- Born: November 13, 1943 (age 82) Chicago, U.S.
- Genres: Rhythm and blues
- Occupations: Songwriter, record producer, musician

= Leonard Caston Jr. =

American R&B songwriter, record producer, pianist and singer (born 1943)

Leonard Caston Jr. (born November 13, 1943) is an American rhythm and blues songwriter, record producer, pianist and singer. He recorded for both the Chess and Motown labels in the 1960s and 1970s, and co-wrote or co-produced several major hit records, including Mitty Collier's "I Had A Talk With My Man" (1964), The Supremes' "Nathan Jones" (1971), Eddie Kendricks' "Keep On Truckin'" (1973) and "Boogie Down" (1974).

==Biography==
Caston was born in Chicago, the son of blues musician Leonard "Baby Doo" Caston. After spending some time in the US Army, in 1964 he joined Maurice McAlister, a fellow member of the Greater Harvest Church, in his vocal group, The Radiants. The group recorded for the Chess label (for whom Caston's father also recorded), and while working at the label Caston co-wrote, with Billy Davis, new words for James Cleveland's gospel song, "I Had A Talk With God Last Night". Recorded by Mitty Collier with secular lyrics as "I Had A Talk With My Man", it became a hit single (no. 41 on the Billboard Hot 100) in late 1964. Caston left the Radiants in 1965, after their first two hit singles, "Voice Your Choice" and "It Ain't No Big Thing", and began working as a session musician, songwriter and producer at Chess. He played piano on Fontella Bass' hit "Rescue Me", and also worked with singers Bobby McClure, Jan Bradley and Laura Lee. He returned to work with the Radiants in 1967, writing and producing their final hit, "Hold On".

==Motown years==
Caston left Chess in 1968, and joined Motown Records in Detroit, where he worked with songwriter Kathy Wakefield, and writer and producer Frank Wilson. He co-wrote "Nathan Jones" with Wakefield; the song was recorded by The Supremes, produced by Wilson, and rose to #16 on the Hot 100 in 1971. Caston then worked with co-producer Wilson and co-writer Anita Poree to revive the career of ex-Temptations lead singer Eddie Kendricks. He co-wrote "Girl You Need a Change of Mind", and co-wrote, co-produced and played keyboards on "Keep On Truckin''" and "Boogie Down", which both reached no. 1 on the Billboard Soul chart in 1973-74. He also co-wrote and co-produced several of Kendricks' later albums and singles for Motown. Several of his songs were recorded by other artists, including the Four Tops, Stevie Wonder, and the Jackson 5, and he was nominated for a Grammy in 1975.
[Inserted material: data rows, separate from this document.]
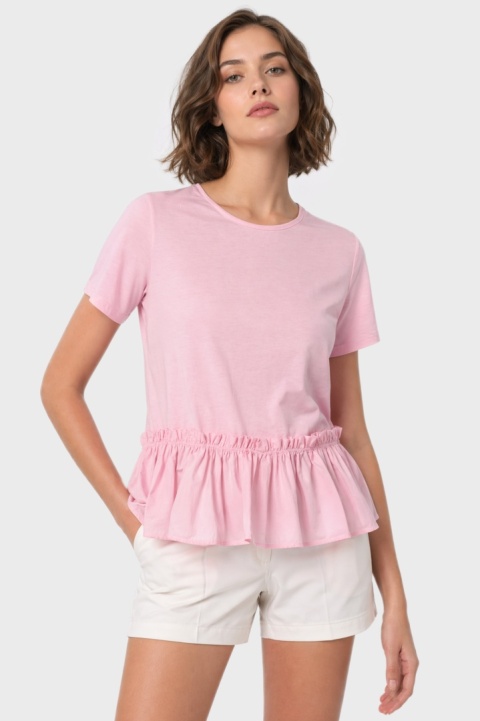 H&M -luźna bluzka z falbaną delikatny róż bawełna - M/L
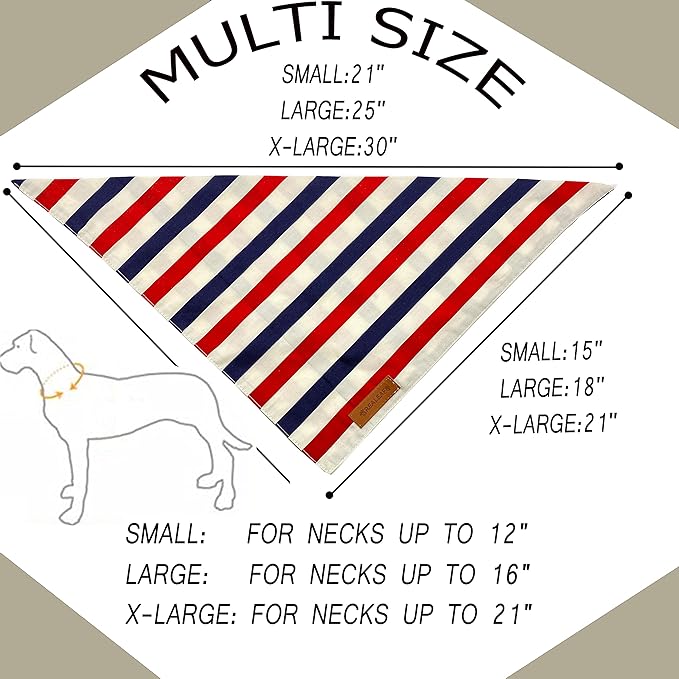Realeaf 4th of July Dog Bandanas 2 Pack, Reversible American Flag Pet Scarf for Boy and Girl, Premium Durable Fabric, Patriotic Bandana for Small and Medium Dogs (Small)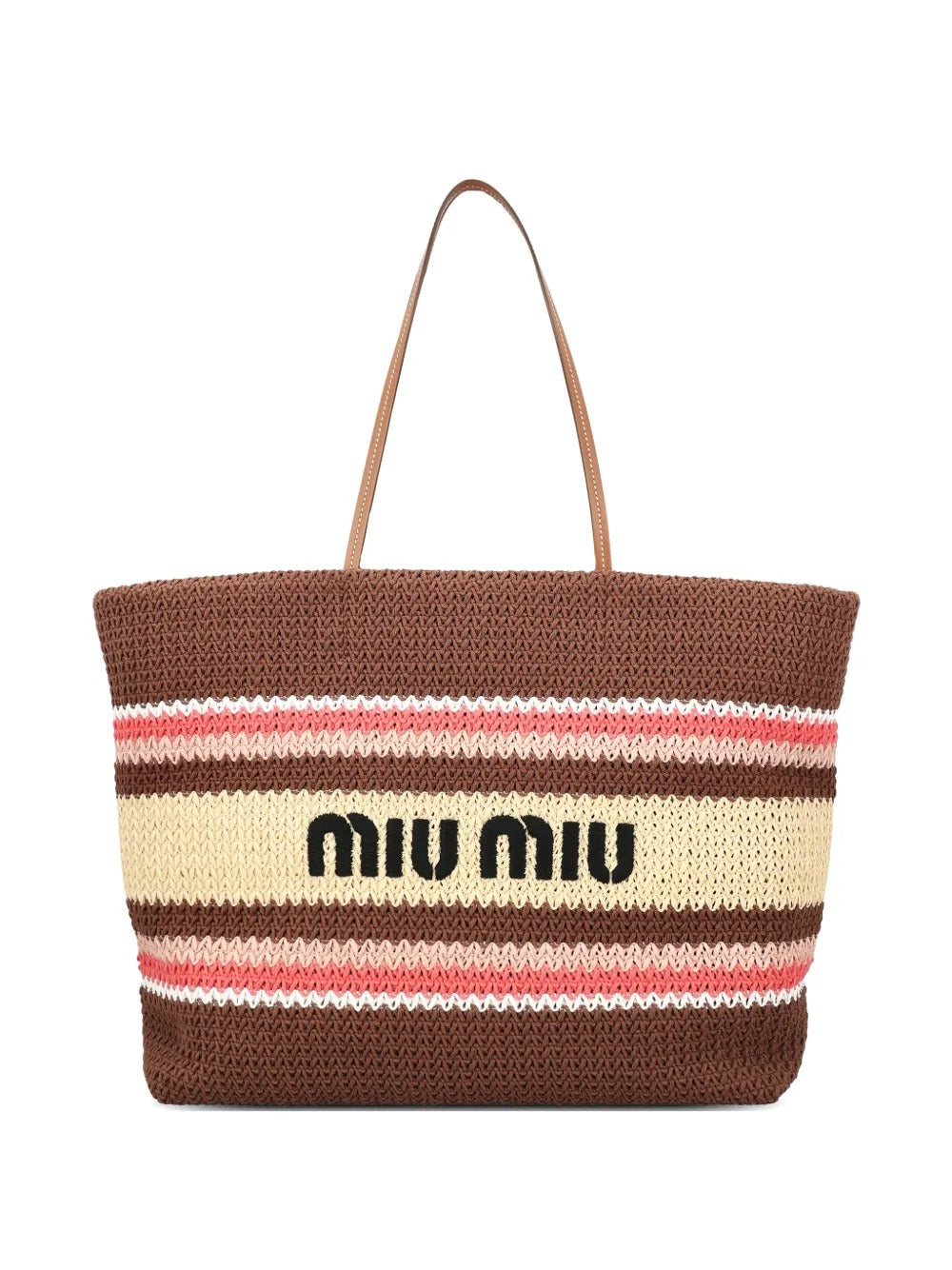 Striped Woven Tote Bag-MIU MIU-306752-TU-Verso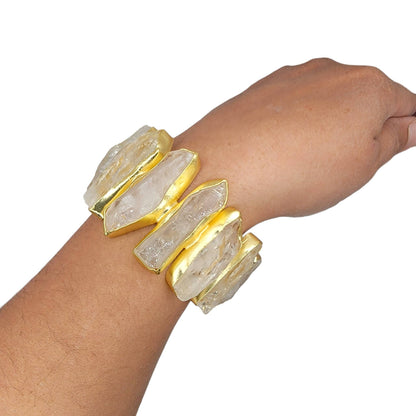 Rough Crystal Quartz Handmade Statement Gold Cuff Bracelet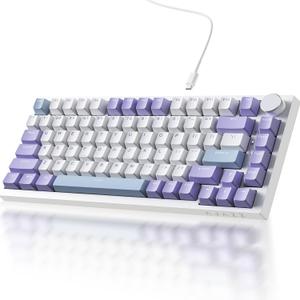 Ajazz 75% Mechanical Gaming Keyboard with Volume Knob, Gasket Mount Wired Custom Keyboard, South-Facing RGB Backlit, PBT Keycaps, Pre-lubed Linear Switches, Creamy Sound for Office & Gaming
While at Motown, Caston also met, and later married, singer Carolyn Majors. They signed a contract as a recording duo, and, as Caston & Majors, recorded a gospel tinged self-titled album in 1974. The album was not a commercial success in the United States but contained the track "I'll Keep My Light In My Window", co-written by Caston with Terri McFaddin, which was later recorded by Diana Ross and Marvin Gaye, the Temptations, Ben Vereen, and in a Grammy-winning recording by the Mighty Clouds of Joy, among others. In the UK, 'Child of Love' was released as a single reaching a position of #55 in April 1975. A second Caston & Majors album was shelved, finally seeing the light of day in 2013 as part of a reissue of their Motown work. The duo left the company in 1977.

In 1979, he co-wrote and co-produced two tracks on Minnie Riperton's last album, Love Lives Forever, released after her death.

==Gospel years==
Caston and Majors later moved to California, where they worked together as pastors with the Christian Life Assembly in the Los Angeles area. In 1999, the couple moved to Harrisburg, Pennsylvania, where Caston became the Minister of Music of the Dayspring Ministries church, and established My-Lyn Music. They also continued to work with Frank Wilson, who had become a born again Christian minister. In 2002, Caston won a Billboard BMI Urban Music Award, and in 2004 he co-produced, with Billy Davis, the album 19 Days in New York by Australian singer Kate Ceberano. In 2008 he produced an album by Pennsylvania gospel singer and songwriter Dana Fields.